- _TO DO_
Could you copy every entry exactly, dropping the pictures?

- _DATA SHOWN_
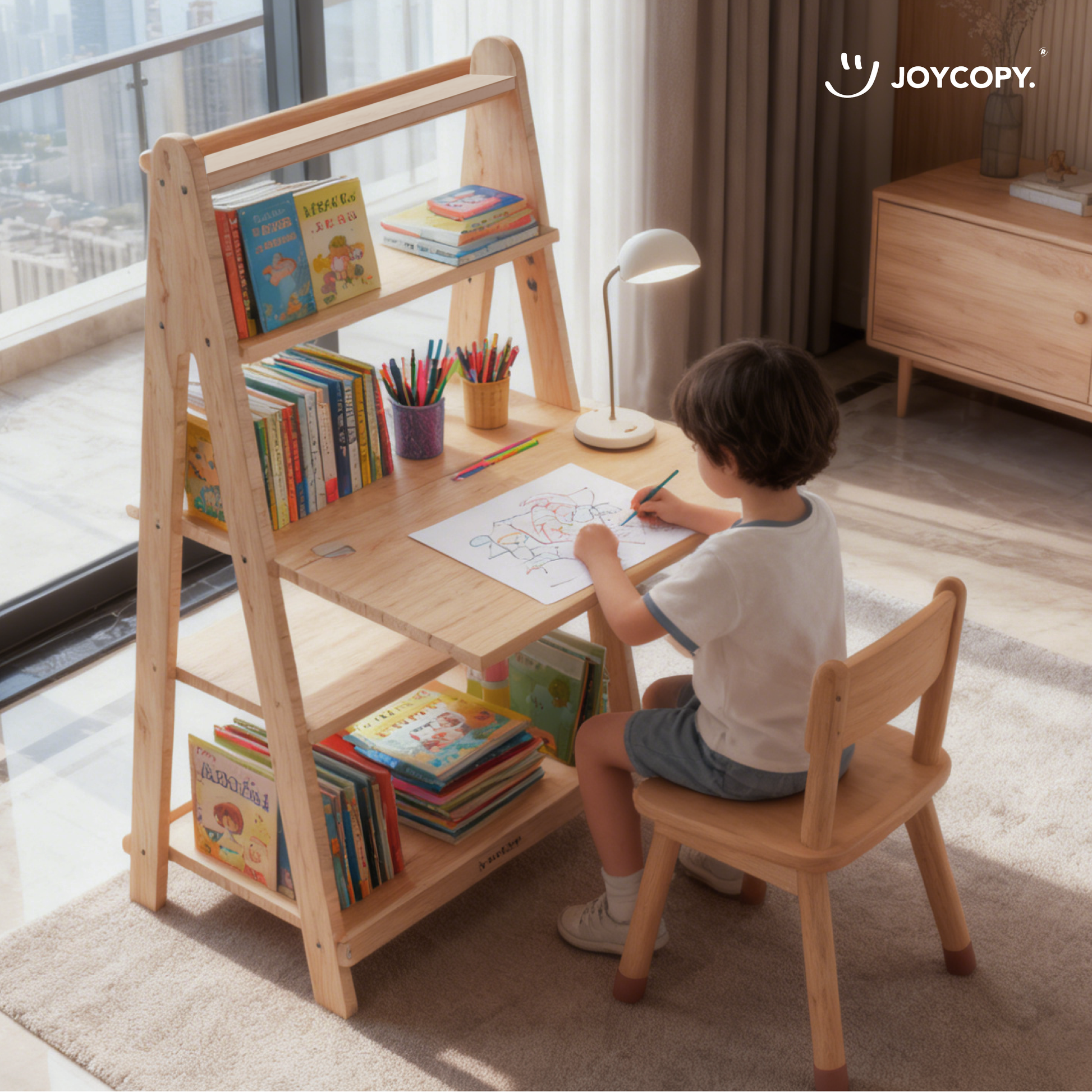 Adjustable Trapezoid Storage Rack/Bookshelf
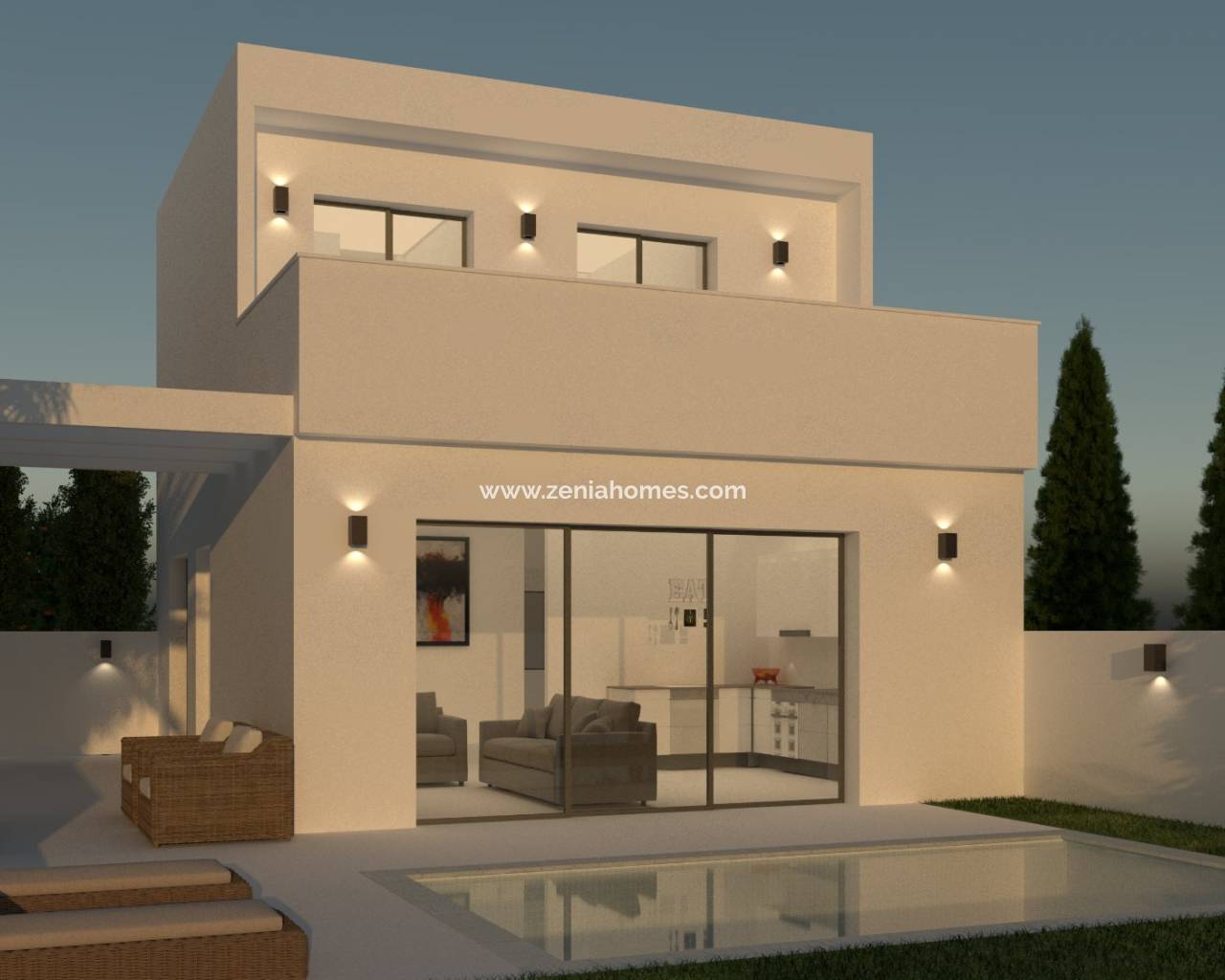 Chalet - Nueva construcción  - Orihuela Costa - Villamartín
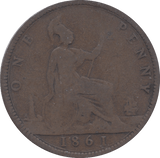 1861 PENNY ( FAIR ) - Penny - Cambridgeshire Coins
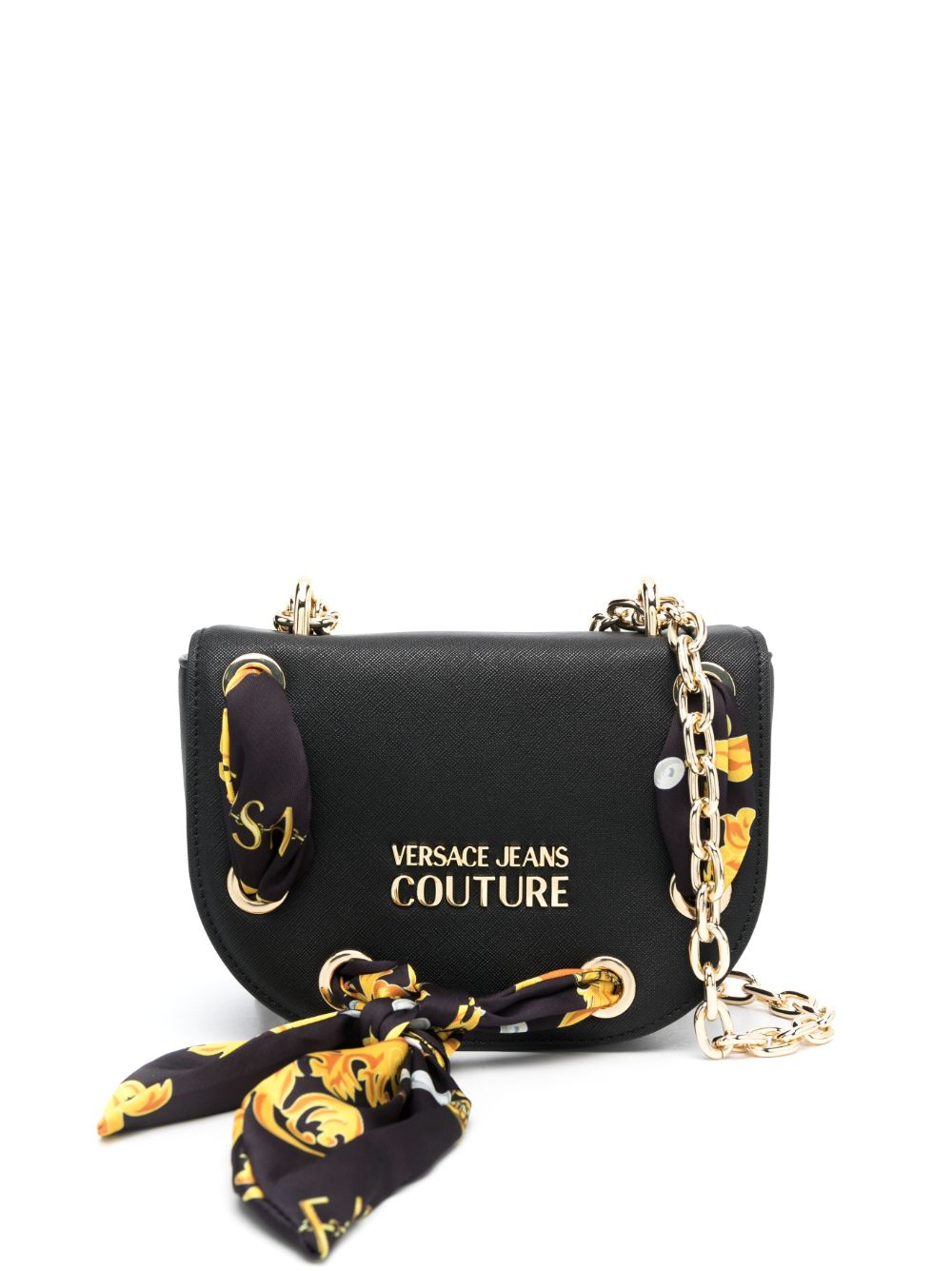 Versace Jeans Couture Schultertasche mit Barocco-Schal - Schwarz von Versace Jeans Couture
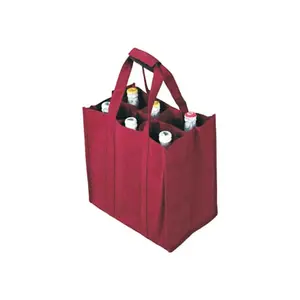 Prezzo economico stampato 1 2 4 6 bottiglie sacchetto di vino non tessuto eco friendly riciclare 4 bottiglie 6 bottiglie sacchetto di vino non tessuto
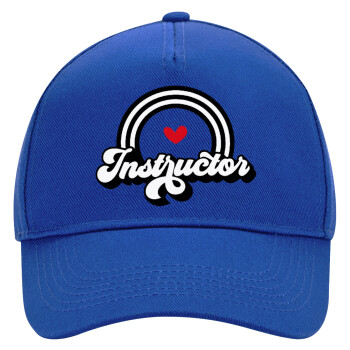 Instructor, Ultimate Adult Hat BLUE, (100% COTTON DRILL, ADULT, UNISEX, ONE SIZE)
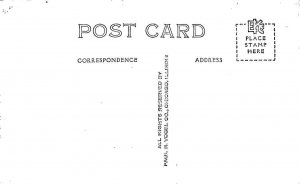 RPPC, Rockford, IL Illinois  SECOND CONGRECATIONAL CHURCH  ca1940's Postcard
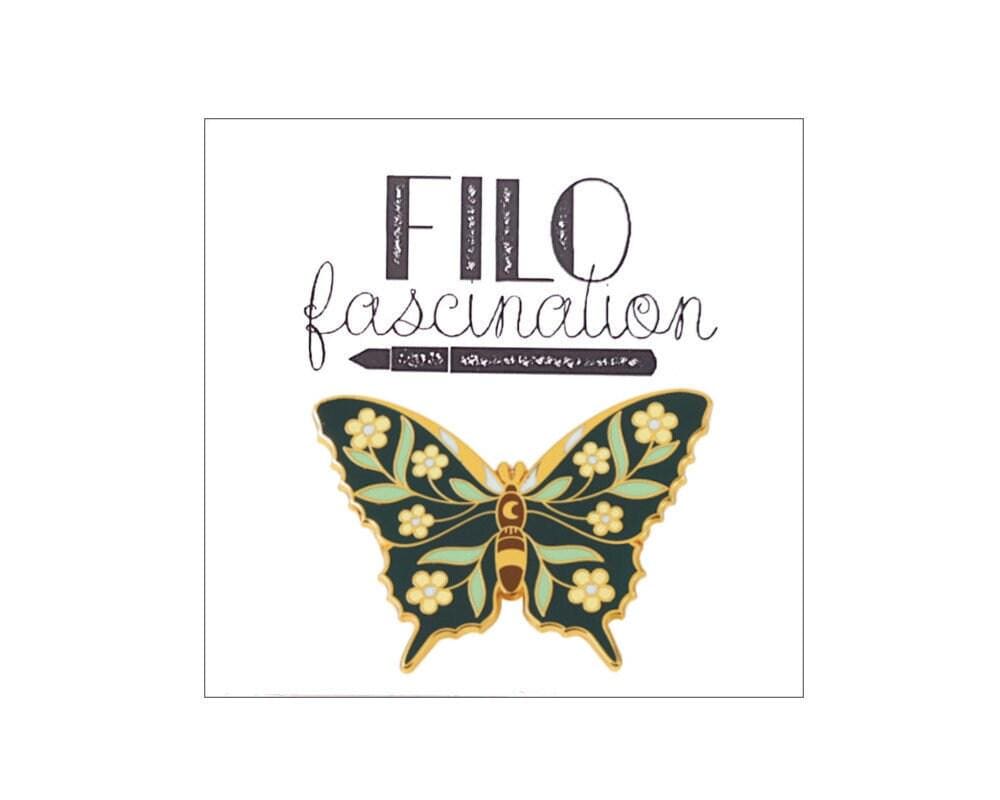 Pin Schmetterling Brosche Nadel Junk Journal Planer Planner Diary Bujo Motivation von filofascinationCOM
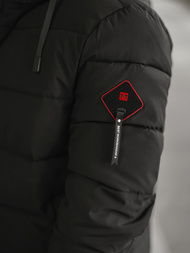 Férfi téli parka kabát fekete OZONEE JS/31M5031/392Z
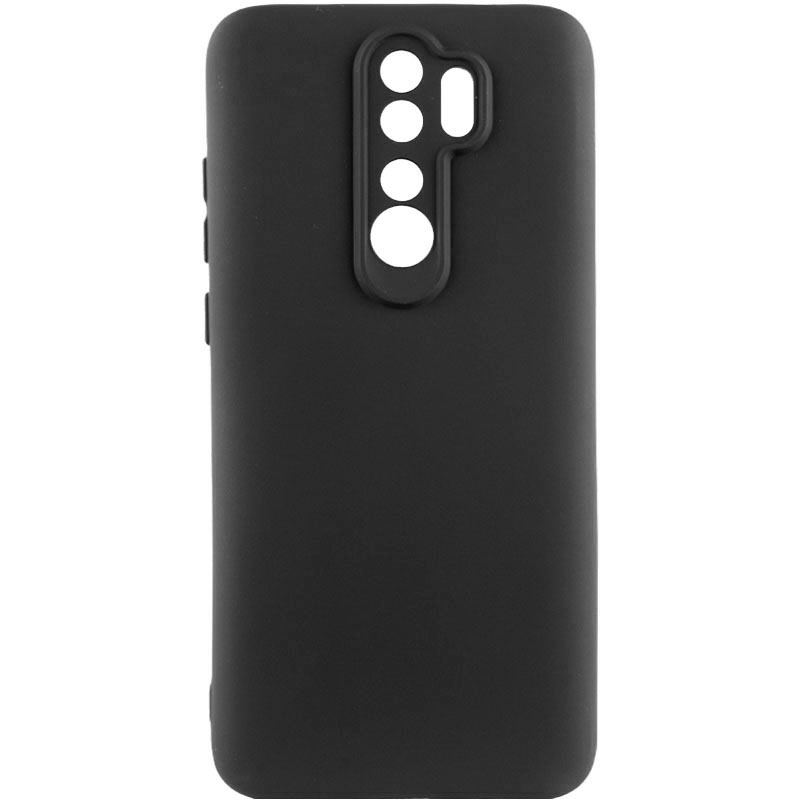 Чохол Silicone Cover Lakshmi Full Camera (AA) для Xiaomi Redmi 9 (Чорний / Black)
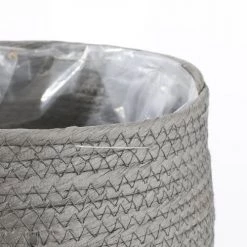 Mica Decorations Jarres Et Cache-pots 3 Cache-pots En Papier Gris H24 -Plantes vertes Soldes 3 cache pots en papier gris h24 3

- _SOLUTION_
 Adjustable Trapezoid Storage Rack/Bookshelf
 Chalet - Nueva construcción  - Orihuela Costa - Villamartín
 1861 PENNY ( FAIR ) - Penny - Cambridgeshire Coins
 Versace Jeans Couture Schultertasche mit Barocco-Schal - Schwarz von Versace Jeans Couture
 Prezzo economico stampato 1 2 4 6 bottiglie sacchetto di vino non tessuto eco friendly riciclare 4 bottiglie 6 bottiglie sacchetto di vino non tessuto
 Instructor, Ultimate Adult Hat BLUE, (100% COTTON DRILL, ADULT, UNISEX, ONE SIZE)
 RPPC, Rockford, IL Illinois  SECOND CONGRECATIONAL CHURCH  ca1940's Postcard
 Pin Schmetterling Brosche Nadel Junk Journal Planer Planner Diary Bujo Motivation von filofascinationCOM
 Férfi téli parka kabát fekete OZONEE JS/31M5031/392Z
 Чохол Silicone Cover Lakshmi Full Camera (AA) для Xiaomi Redmi 9 (Чорний / Black)
 Mica Decorations Jarres Et Cache-pots 3 Cache-pots En Papier Gris H24 -Plantes vertes Soldes 3 cache pots en papier gris h24 3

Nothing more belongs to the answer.